Michel Glycas, Georges Cédrène et Simon Logothète font venir Melchisédech d’une race égyptienne. Ils disent que son père s’appelait Sidon ou Sida, fondateur de la ville de Sidon, capitale de Phénicie. Pour Melchisédech, il fonda Salem sur le mont Sion, y régna treize ans, et mourut sans laisser d’enfants. Suidas dit qu’il y régna cent treize ans, et mourut sans avoir été marié ; qu’il était de la race maudite de Chanaan ; d’où vient que l’Écriture ne parle point de sa généalogie. Un autre auteur grec, qui a emprunté le nom de saint Athanase, dit que Melchisédech était fils d’un roi idolâtre nommé Melchi, et d’une reine nommée Salem.
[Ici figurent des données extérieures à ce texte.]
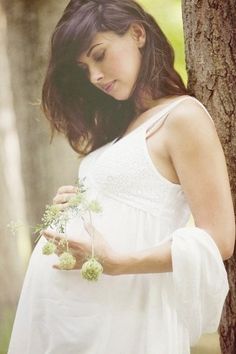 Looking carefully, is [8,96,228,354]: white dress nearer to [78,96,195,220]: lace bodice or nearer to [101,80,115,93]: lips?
[78,96,195,220]: lace bodice

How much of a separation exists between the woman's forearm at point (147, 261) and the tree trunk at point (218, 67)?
26 centimetres

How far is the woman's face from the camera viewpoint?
164 cm

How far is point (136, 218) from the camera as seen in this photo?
1559mm

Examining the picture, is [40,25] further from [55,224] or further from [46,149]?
[55,224]

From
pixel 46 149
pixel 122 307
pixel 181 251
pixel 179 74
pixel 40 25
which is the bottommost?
pixel 122 307

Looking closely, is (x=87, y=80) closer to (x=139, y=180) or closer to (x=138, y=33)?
(x=138, y=33)

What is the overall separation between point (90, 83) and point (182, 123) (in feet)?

Melchi ayant résolu d’offrir un sacrifice à ses dieux, envoya son fils Melchisédech lui chercher sept veaux pour les immoler. Le jeune prince en y allant, fut éclairé de Dieu, et revint sur ses pas remontrer à son père la vanité des idoles. Melchi en colère, le renvoya chercher des victimes. Pendant son absence, le roi immola à ses dieux son propre fils, frère aîné de Melchisédech, avec un très-grand nombre d’autres enfants. Melchisédech étant de retour, et ayant horreur de ce carnage, se retira sur le mont Thabor, où il vécut pendant sept ans, sans habits, et sans autre nourriture que quelques fruits sauvages, et n’ayant pour toute boisson que la rosée qu’il léchait sur l’herbe.
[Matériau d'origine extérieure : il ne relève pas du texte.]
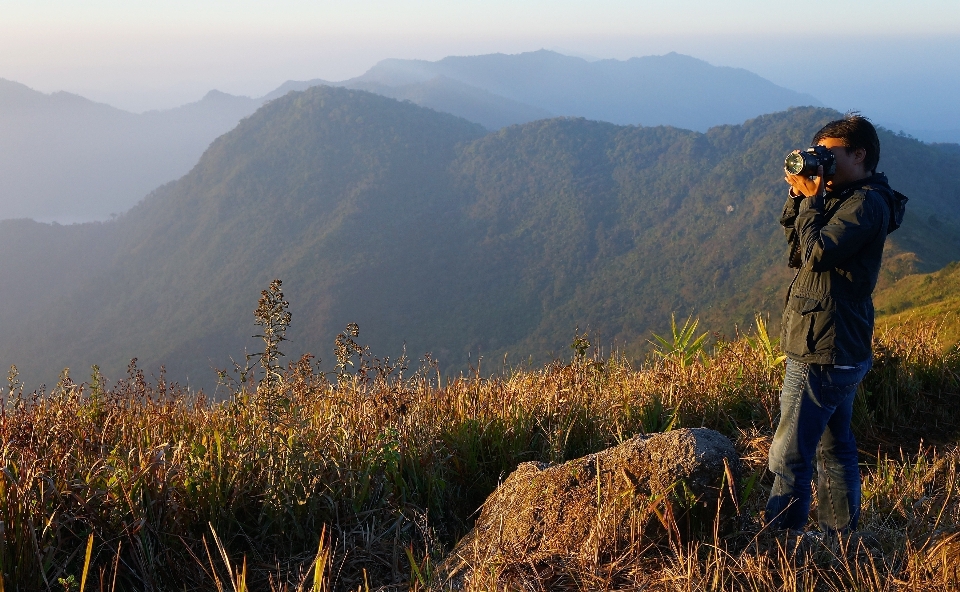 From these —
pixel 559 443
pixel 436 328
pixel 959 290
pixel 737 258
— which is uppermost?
pixel 559 443

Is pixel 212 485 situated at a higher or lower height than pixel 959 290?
higher

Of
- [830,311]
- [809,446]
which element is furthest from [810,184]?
[809,446]

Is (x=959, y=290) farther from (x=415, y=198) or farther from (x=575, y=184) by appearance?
(x=415, y=198)

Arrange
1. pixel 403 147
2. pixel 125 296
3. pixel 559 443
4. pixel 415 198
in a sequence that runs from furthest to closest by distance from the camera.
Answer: pixel 403 147 < pixel 415 198 < pixel 125 296 < pixel 559 443

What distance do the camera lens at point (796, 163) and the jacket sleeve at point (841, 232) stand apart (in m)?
0.14

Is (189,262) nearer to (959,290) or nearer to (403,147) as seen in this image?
(403,147)

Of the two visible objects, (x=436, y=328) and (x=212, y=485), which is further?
(x=436, y=328)

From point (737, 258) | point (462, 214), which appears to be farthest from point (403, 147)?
point (737, 258)

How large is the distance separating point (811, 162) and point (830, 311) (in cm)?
51

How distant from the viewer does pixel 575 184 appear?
331 ft

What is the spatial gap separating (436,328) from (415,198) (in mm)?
39289

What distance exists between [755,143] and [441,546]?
3851 inches

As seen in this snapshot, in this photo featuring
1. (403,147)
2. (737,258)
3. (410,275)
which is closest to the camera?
(737,258)

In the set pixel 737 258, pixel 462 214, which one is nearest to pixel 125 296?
pixel 462 214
Au bout de sept ans, Dieu apparut à Abraham, et lui dit d’aller sur le Thabor, et qu’il y trouverait Melchisédech. Il lui dit de le revêtir, et de lui demander sa bénédiction. Abraham obéit. Il trouva Melchisédech ; et lui ayant demandé sa bénédiction, Melchisédech l’oignit d’huile, le bénit, et lui changea le nom d’Abram en celui d’Abraham. Ils descendirent ensemble de la montagne, et Abraham s’en retourna chez lui. Quelque temps après, comme il revenait de la poursuite de Codorlahomor et de ses alliés, Melchisédech vint au-devant de lui, et lui présenta une coupe de vin, après y avoir jeté secrètement un morceau de pain, pour signifier la sainte oblation qui se fait sur nos autels. Nous ne donnons tout cela que pour un roman très-mal assorti, et ne nous arrêtons pas à le réfuter.
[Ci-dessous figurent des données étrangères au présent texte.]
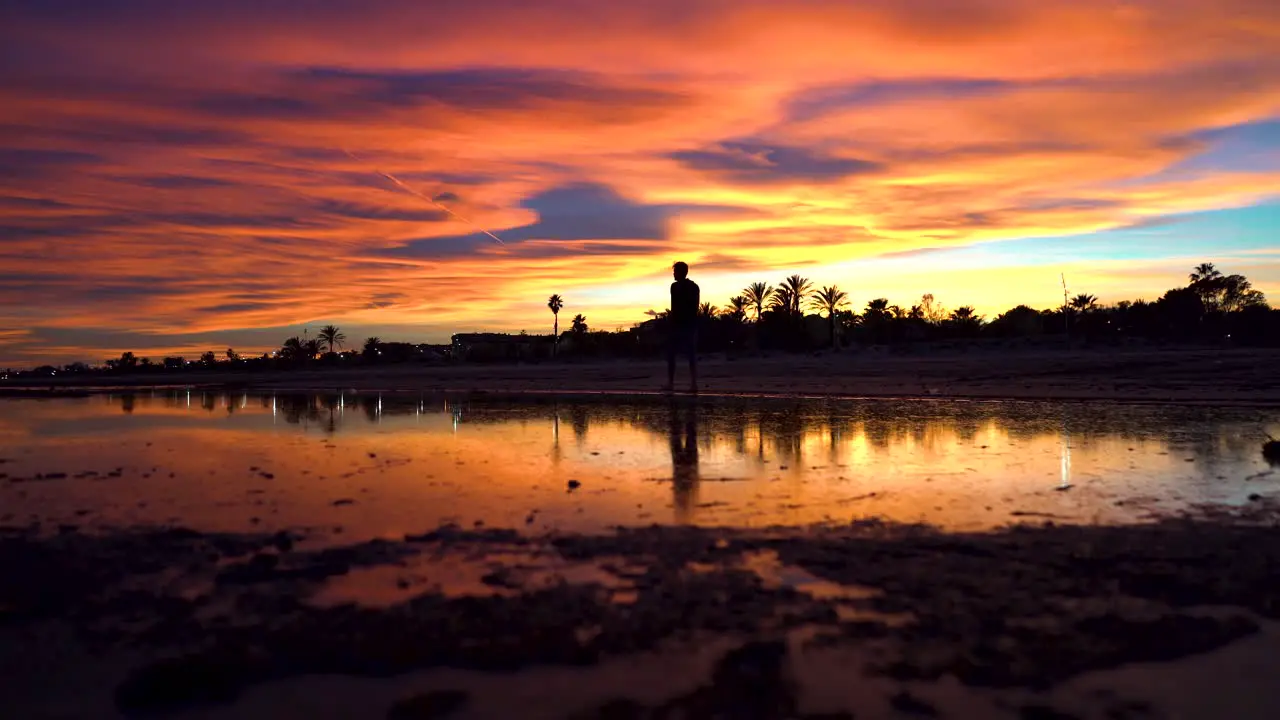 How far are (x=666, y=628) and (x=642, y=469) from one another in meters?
3.33

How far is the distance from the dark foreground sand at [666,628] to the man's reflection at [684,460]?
0.79 m

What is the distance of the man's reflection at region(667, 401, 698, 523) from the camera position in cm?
451

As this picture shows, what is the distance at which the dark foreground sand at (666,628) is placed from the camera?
2.07m

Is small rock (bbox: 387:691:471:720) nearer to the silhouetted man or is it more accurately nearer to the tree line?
the silhouetted man

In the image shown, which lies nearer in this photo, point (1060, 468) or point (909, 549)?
point (909, 549)

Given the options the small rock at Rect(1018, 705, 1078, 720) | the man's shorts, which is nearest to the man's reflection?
the small rock at Rect(1018, 705, 1078, 720)

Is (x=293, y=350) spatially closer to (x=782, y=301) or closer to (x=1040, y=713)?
(x=782, y=301)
L’auteur des Questions sur l’Ancien et le Nouveau Testament, imprimé parmi les œuvres de saint Augustin avait écrit que Melchisédech n’était pas un homme, mais le Saint-Esprit qui avait apparu à Abraham sous une forme humaine. Evangélus ou Evangélius envoya cet écrit à saint Jérôme, le priant de lui en dire sa pensée. Saint Jérôme ayant examiné les anciens docteurs de l’Église, trouva qu’Origène et Didyme croyaient que Melchisédech était un ange ; mais que saint Hippolyte, saint Irénée, Eusèbe de Césarée, Eusèbe d’Emèse, Apollinaire et Eustathe d’Antioche s’accordaient à dire, quoiqu’en termes divers, et par des raisonnements différents, que ce prince était Chananéen de naissance, et roi de Salem, autrement Jébus ou Jérusalem. Ce saint docteur montre que Melchisédech était une figure très-expresse de Jésus-Christ, comme roi de Salem ou roi de paix, prêtre et roi tont ensemble, prêtre éternel selon l’ordre de Melchisédech ; et que quand il est dit, dans saint Paul, qu’il était sans père, sans mère et sans généalogie, cela ne veut pas dire qu’il soit descendu du ciel, ni qu’il ait été formé immédiatement des mains de Dieu, mais simplement qu’il est introduit dans l’histoire d’Abraham, sans qu’on nous dise qui il était, ni d’où il était, ni en quel temps il est né, ou en quel temps il est mort.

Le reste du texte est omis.